## [REQUIRED WORK]
Output the data unchanged and complete, minus the images.

··· DATA FOR REVIEW ···

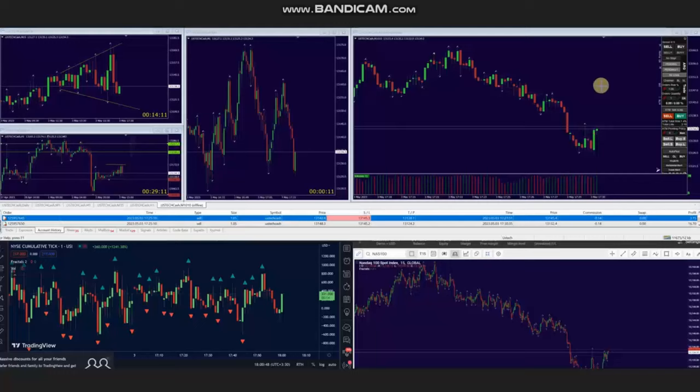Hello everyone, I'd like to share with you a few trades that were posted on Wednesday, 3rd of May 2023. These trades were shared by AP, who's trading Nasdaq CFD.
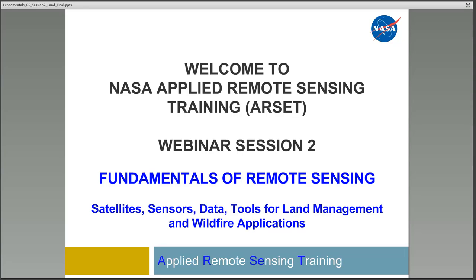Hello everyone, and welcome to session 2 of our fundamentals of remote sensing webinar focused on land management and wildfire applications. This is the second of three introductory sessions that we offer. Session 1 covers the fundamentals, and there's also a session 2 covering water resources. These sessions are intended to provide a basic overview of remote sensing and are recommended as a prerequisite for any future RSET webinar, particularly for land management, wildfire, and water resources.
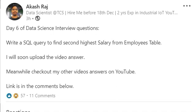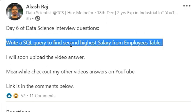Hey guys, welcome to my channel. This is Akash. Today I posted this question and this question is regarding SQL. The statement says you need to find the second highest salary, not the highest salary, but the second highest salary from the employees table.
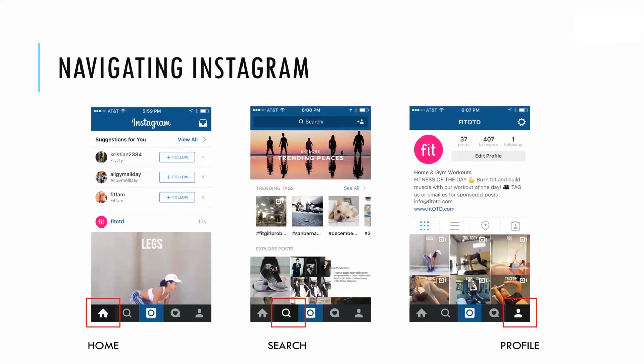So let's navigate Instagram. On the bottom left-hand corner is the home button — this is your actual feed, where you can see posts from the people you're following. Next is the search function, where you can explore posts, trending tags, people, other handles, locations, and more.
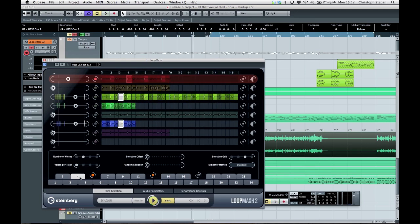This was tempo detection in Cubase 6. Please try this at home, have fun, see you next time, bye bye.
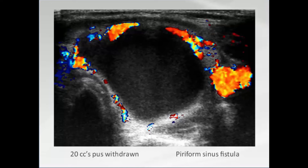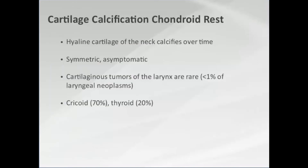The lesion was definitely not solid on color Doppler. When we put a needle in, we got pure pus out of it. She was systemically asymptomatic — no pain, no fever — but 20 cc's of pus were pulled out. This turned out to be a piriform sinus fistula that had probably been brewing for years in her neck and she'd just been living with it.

···

## [ANSWER SPACE]
Hello everyone, I'd like to share with you a few trades that were posted on Wednesday, 3rd of May 2023. These trades were shared by AP, who's trading Nasdaq CFD.
Hello everyone, and welcome to session 2 of our fundamentals of remote sensing webinar focused on land management and wildfire applications. This is the second of three introductory sessions that we offer. Session 1 covers the fundamentals, and there's also a session 2 covering water resources. These sessions are intended to provide a basic overview of remote sensing and are recommended as a prerequisite for any future RSET webinar, particularly for land management, wildfire, and water resources.
Hey guys, welcome to my channel. This is Akash. Today I posted this question and this question is regarding SQL. The statement says you need to find the second highest salary, not the highest salary, but the second highest salary from the employees table.
So let's navigate Instagram. On the bottom left-hand corner is the home button — this is your actual feed, where you can see posts from the people you're following. Next is the search function, where you can explore posts, trending tags, people, other handles, locations, and more.
This was tempo detection in Cubase 6. Please try this at home, have fun, see you next time, bye bye.
The lesion was definitely not solid on color Doppler. When we put a needle in, we got pure pus out of it. She was systemically asymptomatic — no pain, no fever — but 20 cc's of pus were pulled out. This turned out to be a piriform sinus fistula that had probably been brewing for years in her neck and she'd just been living with it.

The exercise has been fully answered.